Problem details:
Output the whole listing exactly, with no pictures.

(Supplied data)

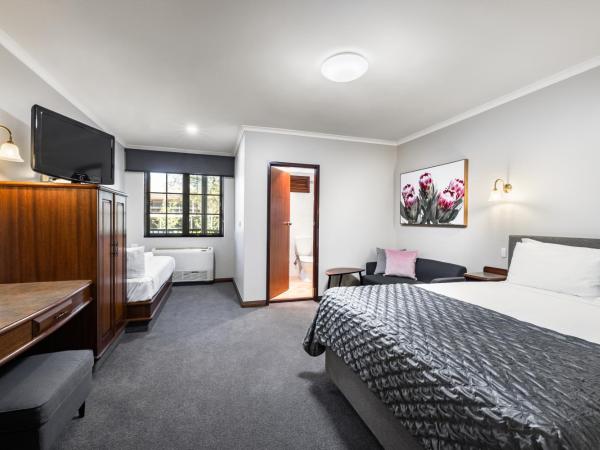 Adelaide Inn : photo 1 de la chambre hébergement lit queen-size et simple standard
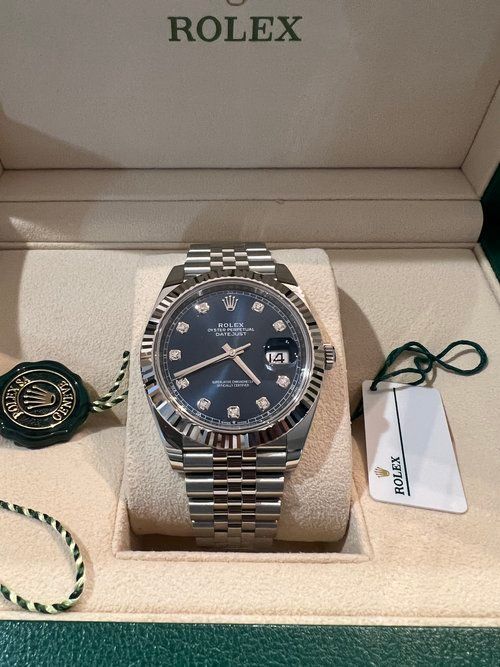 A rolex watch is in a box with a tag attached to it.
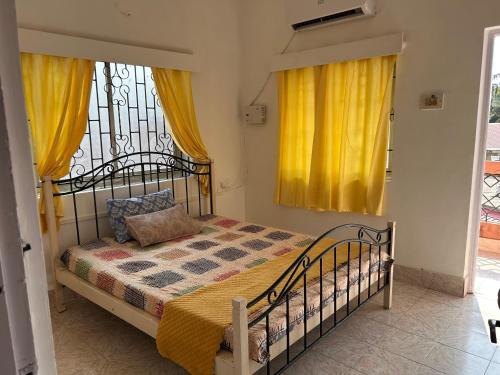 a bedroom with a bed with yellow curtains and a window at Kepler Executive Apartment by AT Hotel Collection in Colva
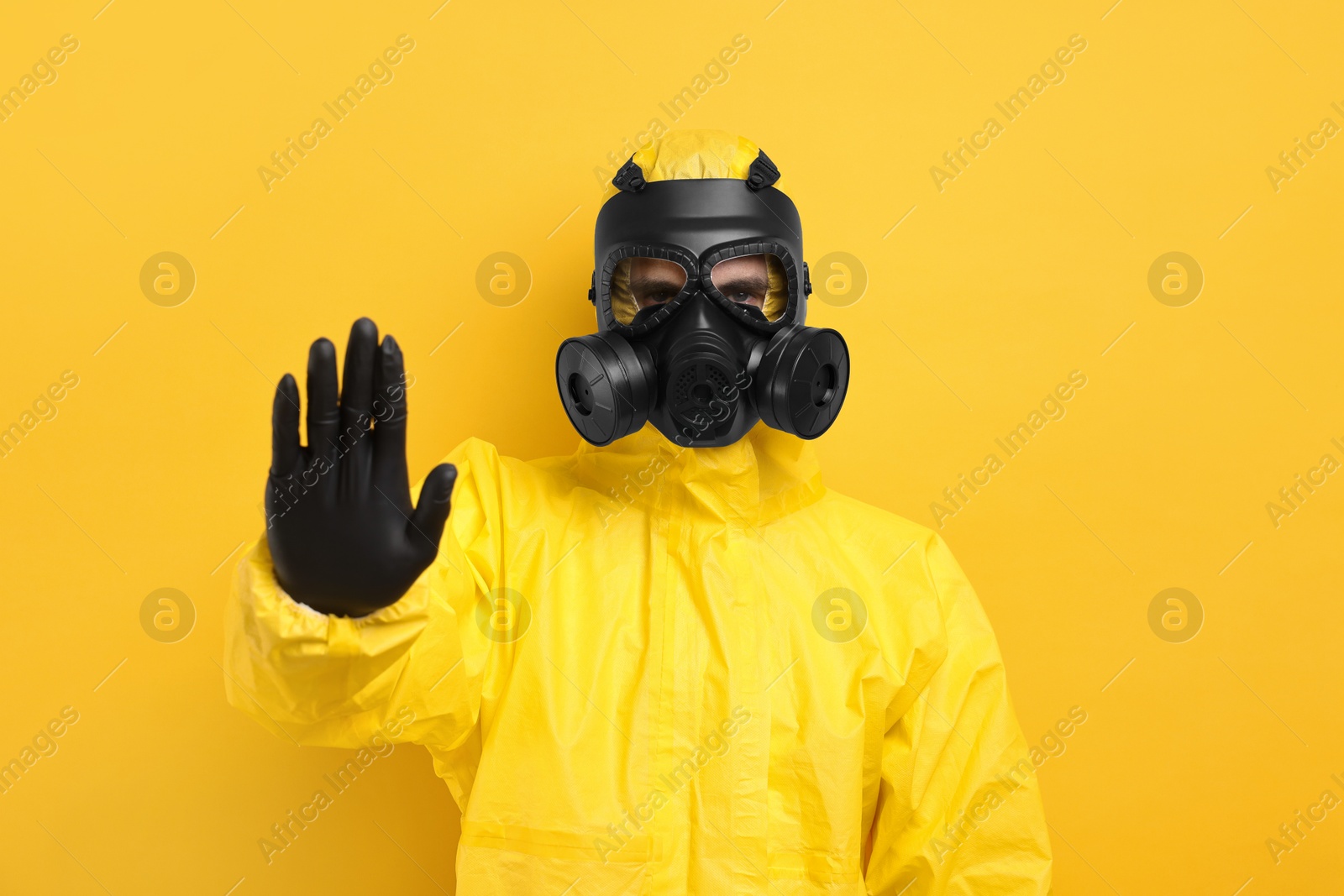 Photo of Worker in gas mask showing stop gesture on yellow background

(End Supplied data)

Answer space:
 Adelaide Inn : photo 1 de la chambre hébergement lit queen-size et simple standard
 A rolex watch is in a box with a tag attached to it.
 a bedroom with a bed with yellow curtains and a window at Kepler Executive Apartment by AT Hotel Collection in Colva
 Photo of Worker in gas mask showing stop gesture on yellow background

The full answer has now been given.